▶ **Exercise**
For the listing below, the answer is an exact retyping of the lines from the one with "Now that we've" through the one with "But for now, I'm", both included, without pictures.

▶ **Data records**
[Start of section]
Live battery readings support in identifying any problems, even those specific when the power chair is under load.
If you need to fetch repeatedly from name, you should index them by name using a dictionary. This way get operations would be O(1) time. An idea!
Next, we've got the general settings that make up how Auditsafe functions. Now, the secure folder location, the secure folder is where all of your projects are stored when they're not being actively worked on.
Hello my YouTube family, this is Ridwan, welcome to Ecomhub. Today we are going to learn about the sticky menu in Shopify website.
[End of section]
[Start of section]
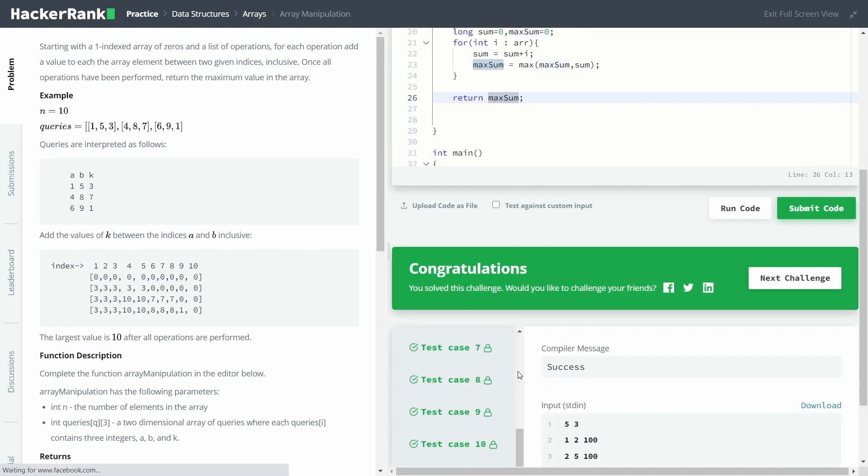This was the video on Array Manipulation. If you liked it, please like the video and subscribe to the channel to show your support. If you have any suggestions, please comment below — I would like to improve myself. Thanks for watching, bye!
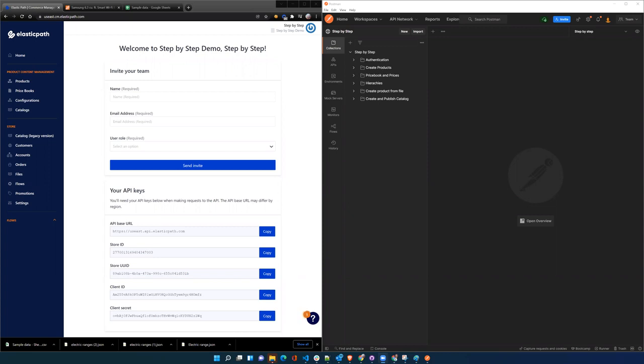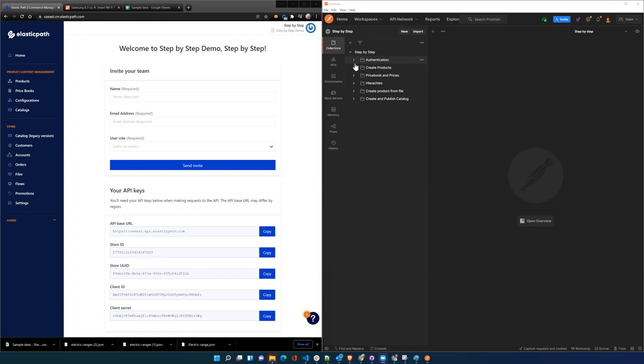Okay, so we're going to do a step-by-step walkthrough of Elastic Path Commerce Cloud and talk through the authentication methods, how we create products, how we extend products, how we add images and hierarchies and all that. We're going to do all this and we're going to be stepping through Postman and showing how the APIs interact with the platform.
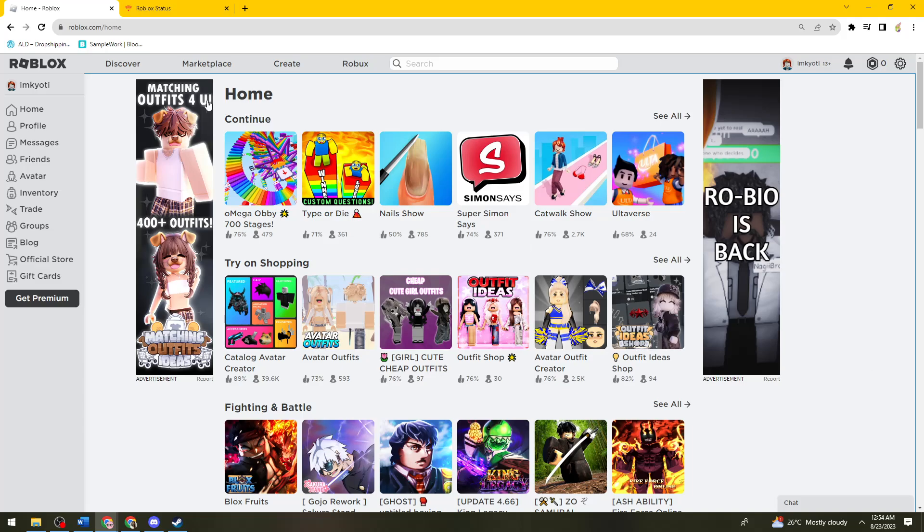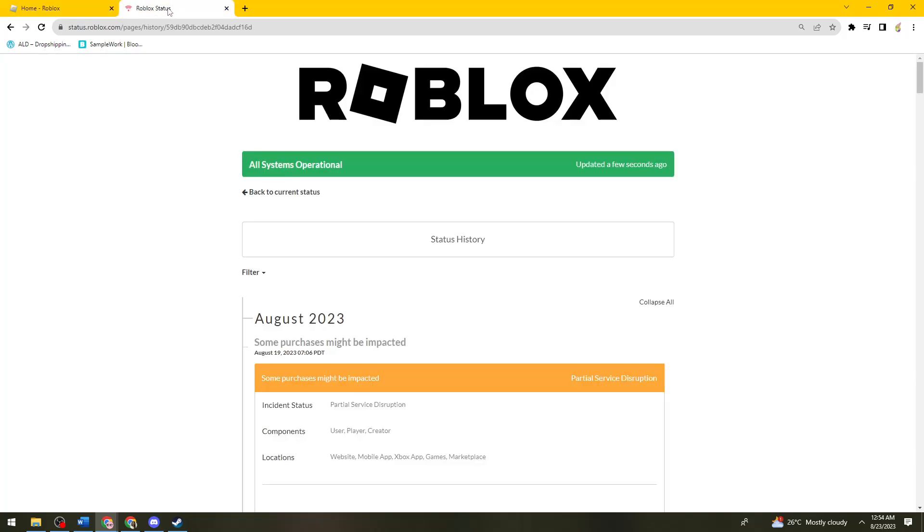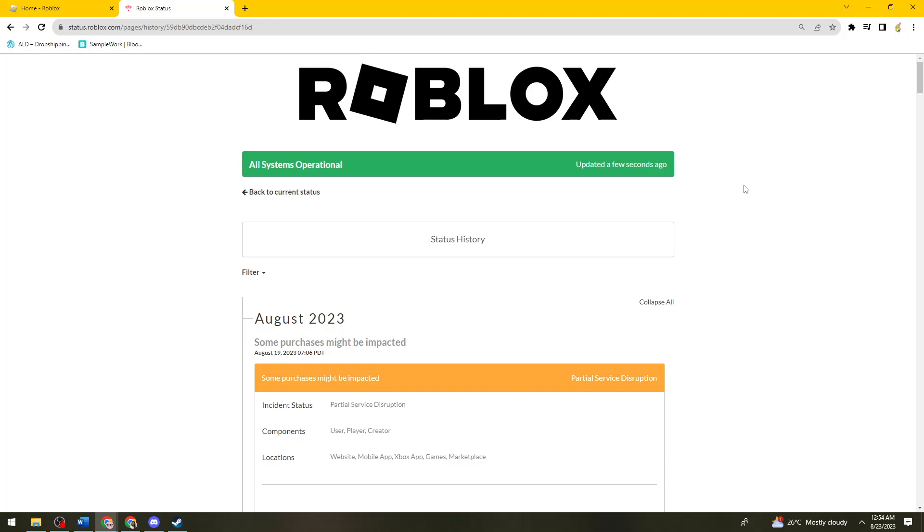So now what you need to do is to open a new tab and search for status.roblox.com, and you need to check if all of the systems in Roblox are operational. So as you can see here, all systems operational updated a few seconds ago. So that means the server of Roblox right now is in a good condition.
[End of section]
[Start of section]
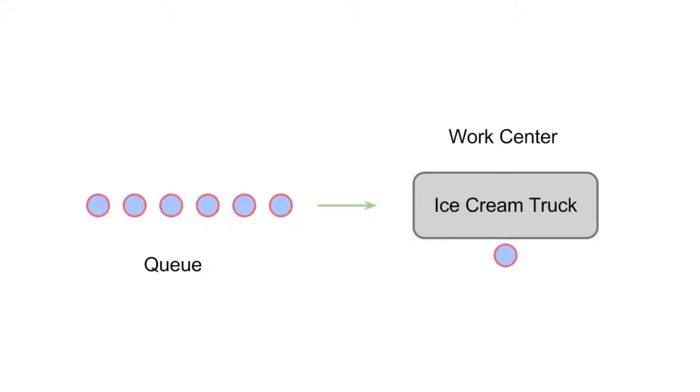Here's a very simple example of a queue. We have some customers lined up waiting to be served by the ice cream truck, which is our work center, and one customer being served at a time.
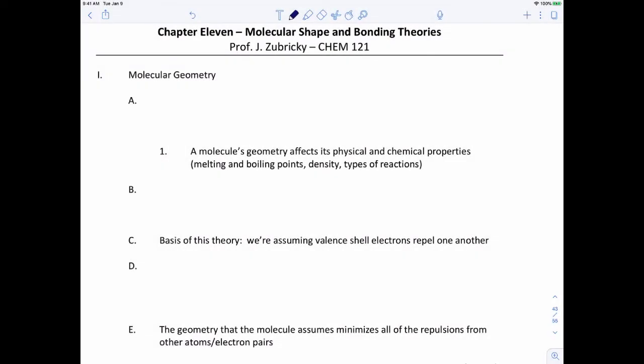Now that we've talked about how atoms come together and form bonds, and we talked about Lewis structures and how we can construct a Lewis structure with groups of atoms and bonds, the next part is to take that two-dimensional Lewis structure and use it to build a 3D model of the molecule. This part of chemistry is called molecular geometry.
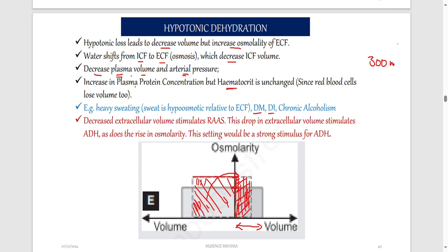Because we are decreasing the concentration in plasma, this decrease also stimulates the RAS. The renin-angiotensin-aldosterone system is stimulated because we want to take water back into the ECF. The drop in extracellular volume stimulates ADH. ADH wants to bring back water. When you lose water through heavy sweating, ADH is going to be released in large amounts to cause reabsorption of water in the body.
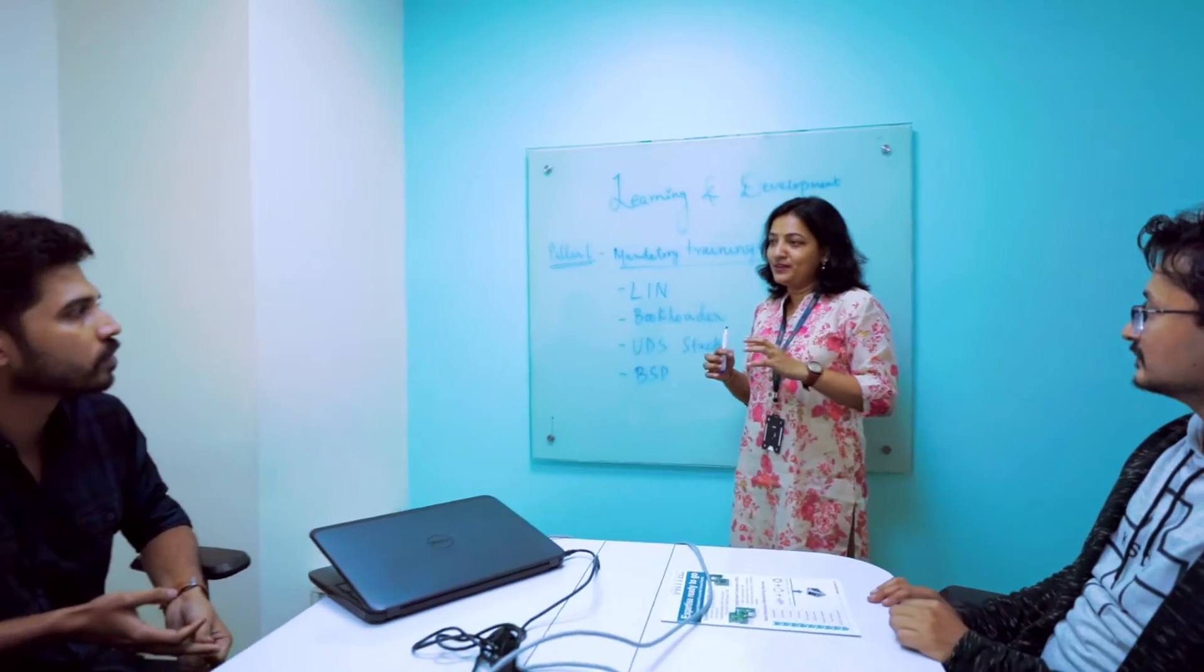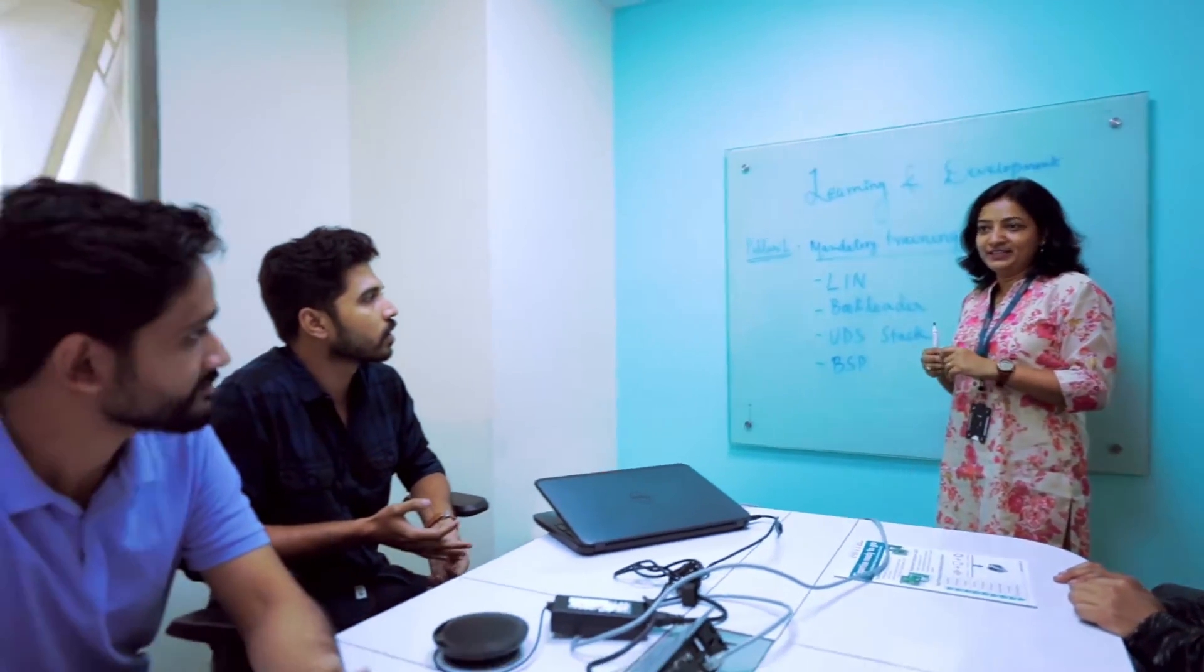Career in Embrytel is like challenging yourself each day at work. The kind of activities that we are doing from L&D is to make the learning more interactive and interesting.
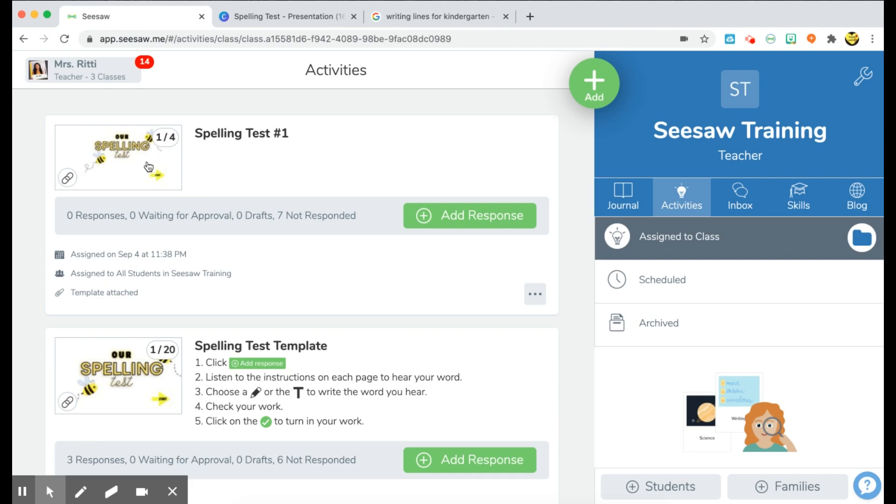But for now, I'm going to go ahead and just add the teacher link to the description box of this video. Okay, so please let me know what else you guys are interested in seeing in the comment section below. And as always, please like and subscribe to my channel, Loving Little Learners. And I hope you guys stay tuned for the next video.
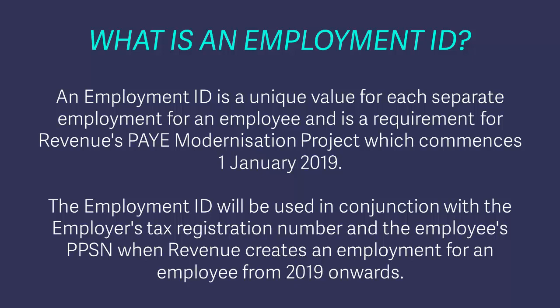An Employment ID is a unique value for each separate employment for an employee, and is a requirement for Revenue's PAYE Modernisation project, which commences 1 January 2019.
[End of section]
▶ **Response area**
Now that we've talked about how atoms come together and form bonds, and we talked about Lewis structures and how we can construct a Lewis structure with groups of atoms and bonds, the next part is to take that two-dimensional Lewis structure and use it to build a 3D model of the molecule. This part of chemistry is called molecular geometry.
Because we are decreasing the concentration in plasma, this decrease also stimulates the RAS. The renin-angiotensin-aldosterone system is stimulated because we want to take water back into the ECF. The drop in extracellular volume stimulates ADH. ADH wants to bring back water. When you lose water through heavy sweating, ADH is going to be released in large amounts to cause reabsorption of water in the body.
Career in Embrytel is like challenging yourself each day at work. The kind of activities that we are doing from L&D is to make the learning more interactive and interesting.
But for now, I'm going to go ahead and just add the teacher link to the description box of this video. Okay, so please let me know what else you guys are interested in seeing in the comment section below. And as always, please like and subscribe to my channel, Loving Little Learners. And I hope you guys stay tuned for the next video.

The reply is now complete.